Areca (betel) is an important etiological factor linked to the high prevalence of oral carcinoma and other oral diseases in South Asians. Involucrin is a key component of the cornified envelop and a differentiation marker of keratinocyte. In this study, we found that 5 microg/ml non-toxic areca nut extract (ANE) treatment resulted in the 0.5-fold down-regulation of involucrin and disruption in involucrin distribution in normal human oral keratinocyte (NHOK). Progressive down-regulation of involucrin during oral carcinogenesis was noted. Activation of AKT by 1.7-fold and up-regulation of COX-2 by 2-fold were elicited following ANE treatment in NHOK. Treatment with PI3K/AKT blockers reverted the down-regulation of involucrin. ANE also down-regulated involucrin by 0.6-fold and disturbed both cornified envelope and cell aggregation in calcium-induced differentiated NHOK. However, such phenomena seemed to be independent from the ANE-associated COX-2 activation. The ANE-associated down-regulation of involucrin through AKT pathway could underlie the areca-associated epithelial pathogenesis.

Ripe areca nut extract induces G1 phase arrests and senescence-associated phenotypes in normal human oral keratinocyte.
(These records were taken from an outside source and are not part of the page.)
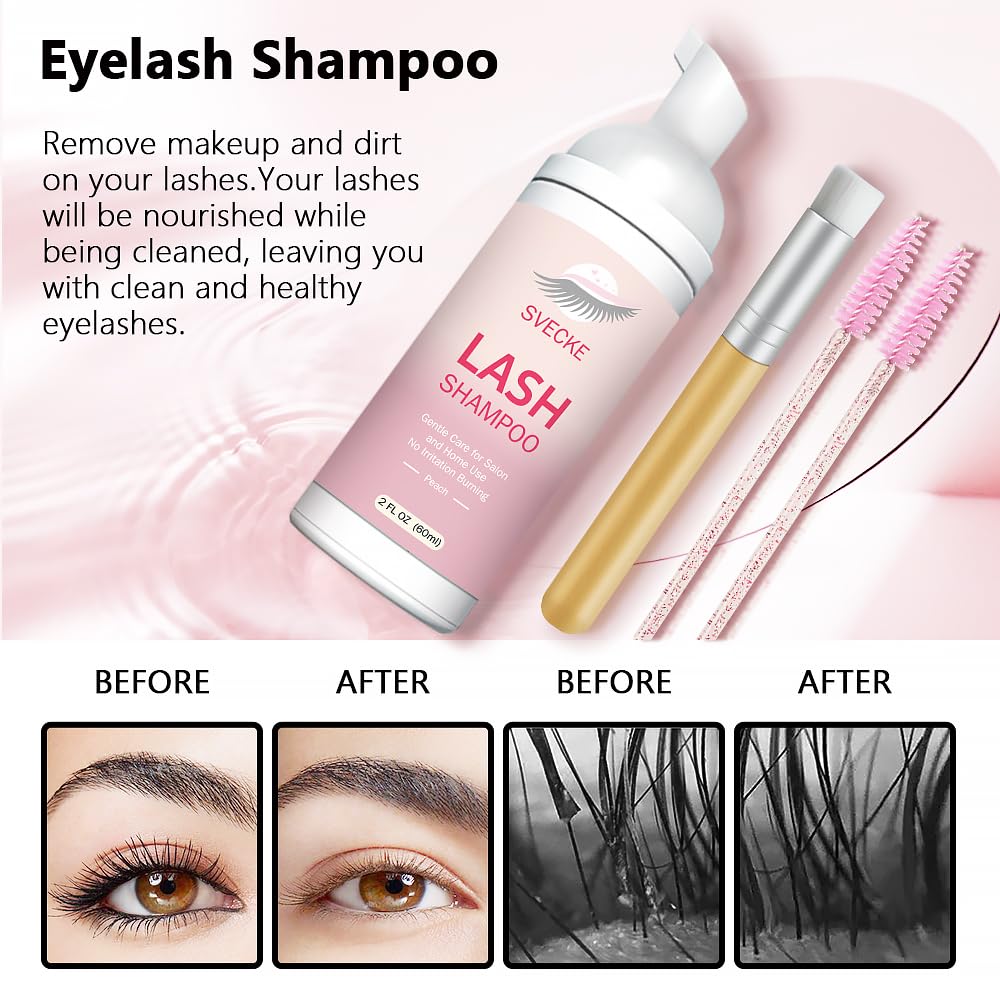 SVECKE Peach Lash Shampoo Kit, Eyelash Extension Cleanser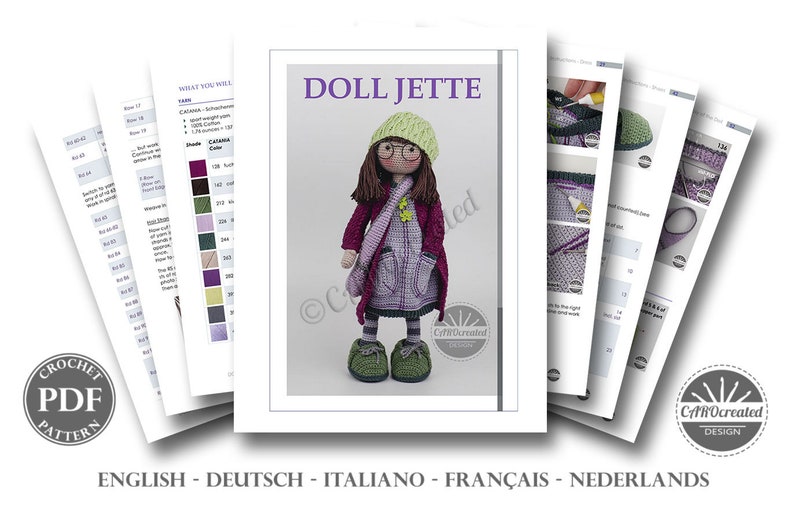 Crochet pattern CAROcreated for the amigurumi doll JETTE digital crochet pattern pdf image 2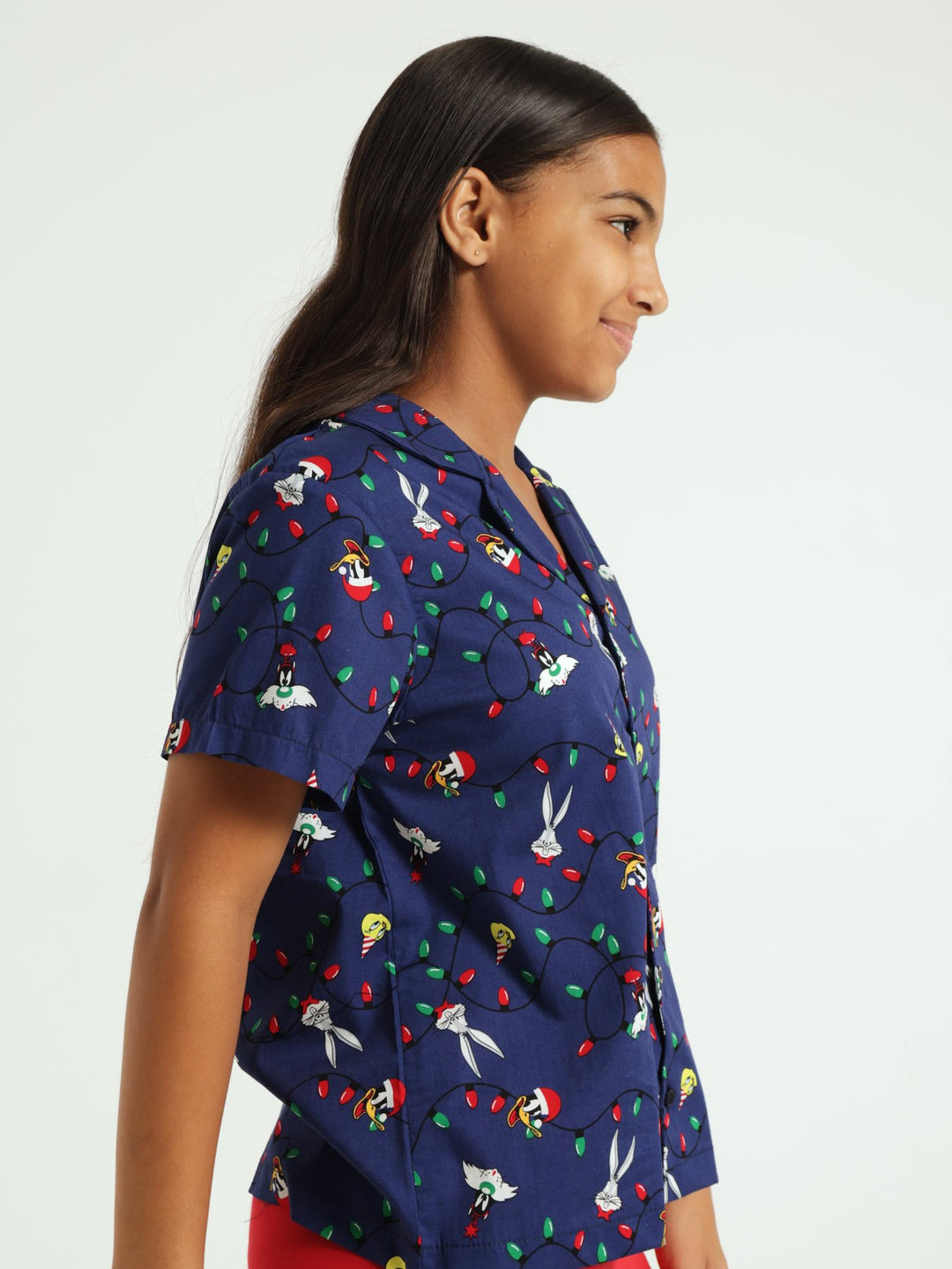 Unisex Looney Tunes Button Through Top - Navy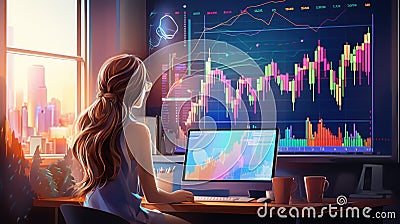 Woman working finance trade manager analyzing stock future market illustration Cartoon Illustration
Around 200-600 million Asians chew areca (also called betel), which contains a mixture of areca nut and other ingredients. Epidemiological evidences indicated that areca use is tightly linked to oral carcinogenesis. This study investigated the effects of ripe areca nut extract (ANE) on cultured normal human oral keratinocyte (NHOK). Acute subtoxic ANE treatment inhibited DNA synthesis and induced cell cycle arrest at G1 phase in early passage (< 4th passage) cells. This was accompanied by a slight increase in the sub-G1 cellular fraction. O6-Methylguanine-DNA methyltransferase (MGMT), Hsp27 and p38MAPK was upregulated. p16 and p21 were remarkably upregulated early and declined afterwards. In contrast, the increase of dephosphorylated Rb seemed to be secondary to the episodes of p16 and p21 upregulation. To simulate the chronic areca exposure in vivo, constant ANE treatment in serial NHOK culture was performed. It resulted in a significant decrease in the population doubling, increase in senescence-associated beta-galactosidase (SA-beta-Gal) and decrease in cell proliferation in NHOK of late passages (> or = 4th passage). Induction of senescence-associated phenotypes, G2/M accumulation and genomic instability following long-term ANE treatment were also observed in a low-grade oral carcinoma cell. ANE-treated NHOK also had a higher nuclear factor-kappaB (NF-kappaB) fraction and a lower cytosolic IkappaBalpha level relative to the control in late passages. Moreover, electrophoretic mobility shift assay (EMSA) indicated that ANE treatment shifted the NF-kappaB complex from high mobility position to lower mobility position in late-passaged NHOK. ANE treatment also upregulated IL-6 and cyclooxygenase-2 (COX-2) mRNA expressions in late-passaged NHOK. In summary, our findings suggest that ANE induces the cell cycle arrest at G1/S phase and the occurrence of senescence-associated phenotypes of NHOK. The upregulation of p38MAPK, p16, p21, NF-kappaB, IL-6 and COX-2 are likely to participate in the control of these impacts.